» **Work to complete**:
Each line below from the "Towel Racks for" line through the "balles pour un" line, those two included, must be restated word for word; the pictures must not be.

» **Given data**:
* * * * * * *

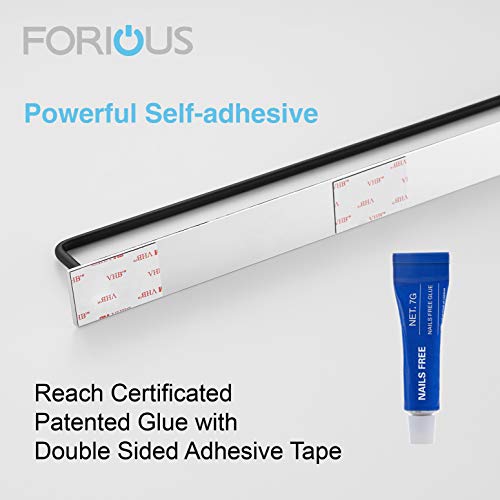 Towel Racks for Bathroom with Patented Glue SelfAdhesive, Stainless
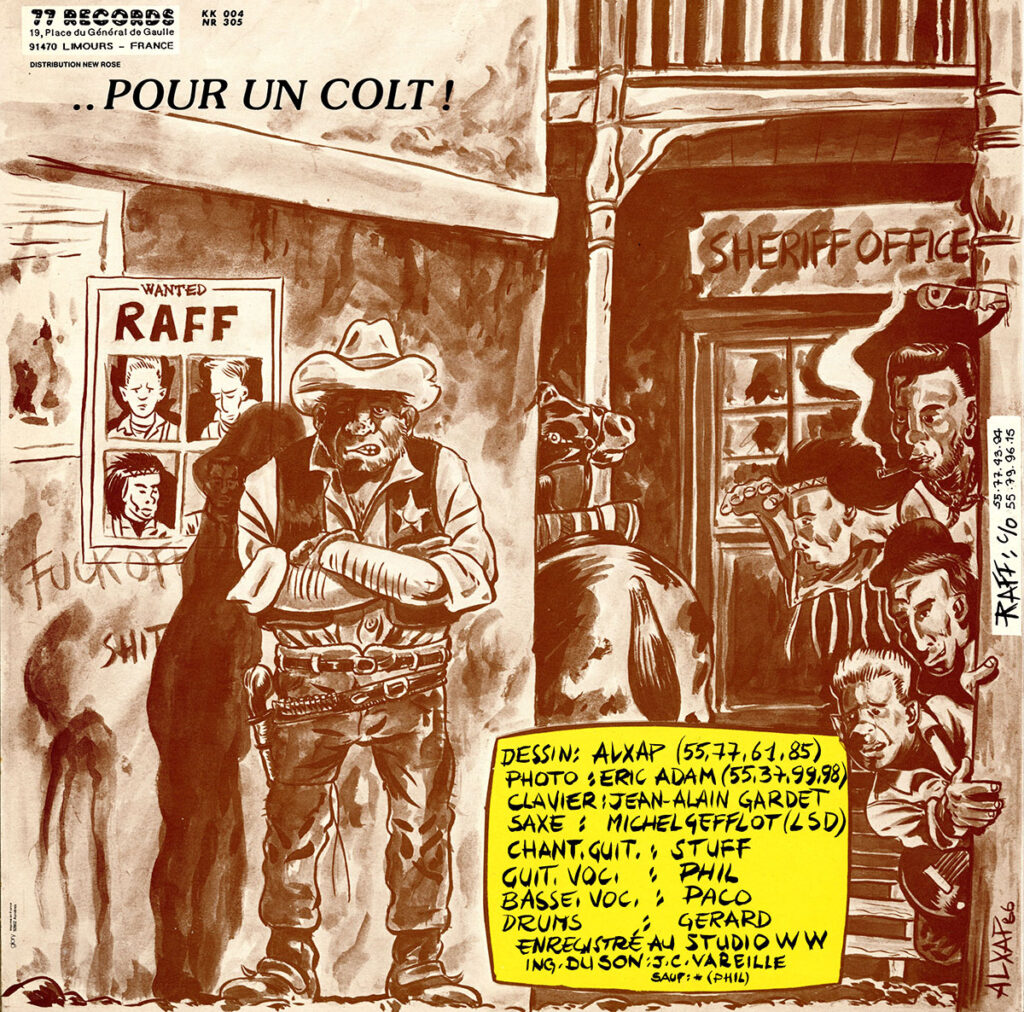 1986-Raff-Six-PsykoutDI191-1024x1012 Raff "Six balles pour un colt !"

* * * * * * *

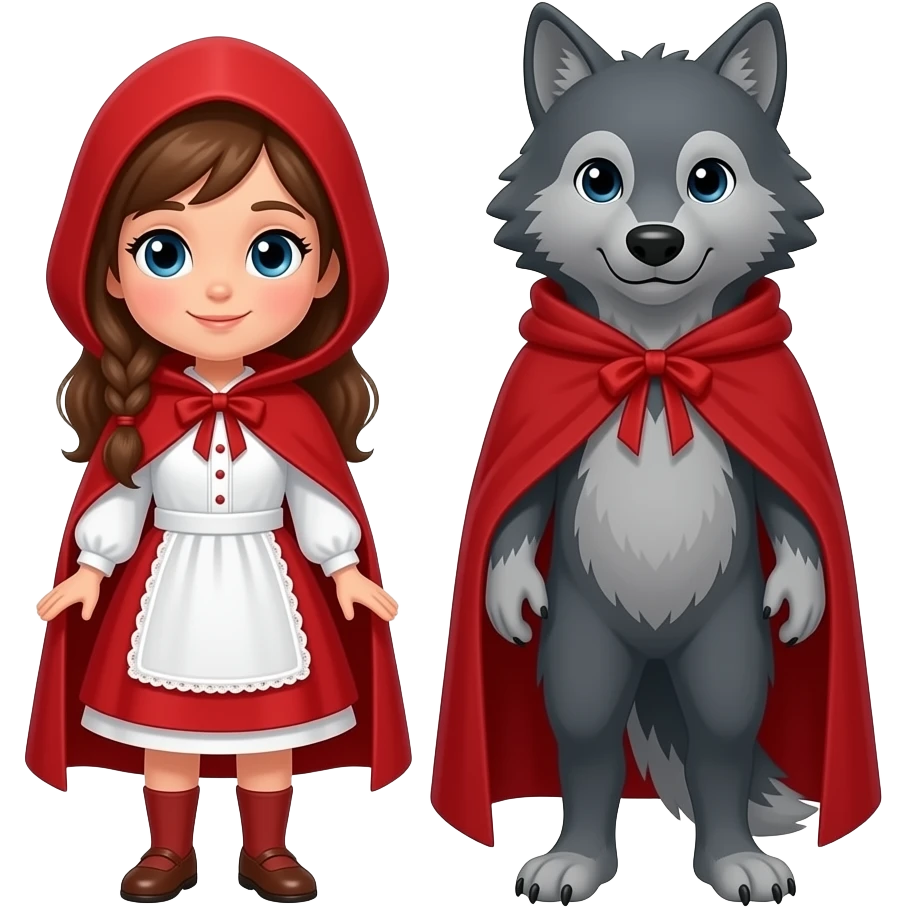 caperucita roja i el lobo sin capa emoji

* * * * * * *

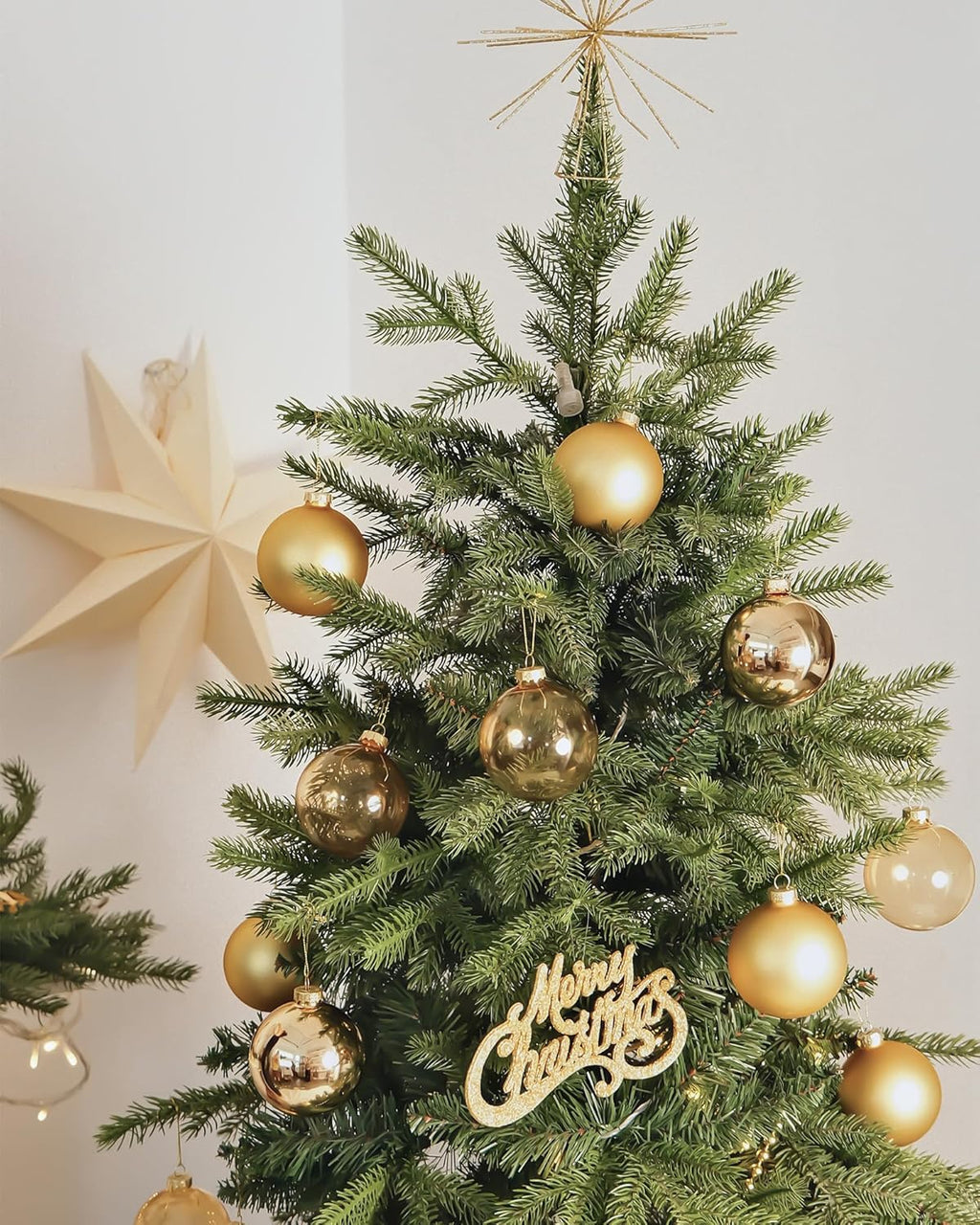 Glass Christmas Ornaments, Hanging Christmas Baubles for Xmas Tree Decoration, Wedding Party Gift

* * * * * * *

» **Reply to the exercise**:
 Towel Racks for Bathroom with Patented Glue SelfAdhesive, Stainless
 1986-Raff-Six-PsykoutDI191-1024x1012 Raff "Six balles pour un colt !"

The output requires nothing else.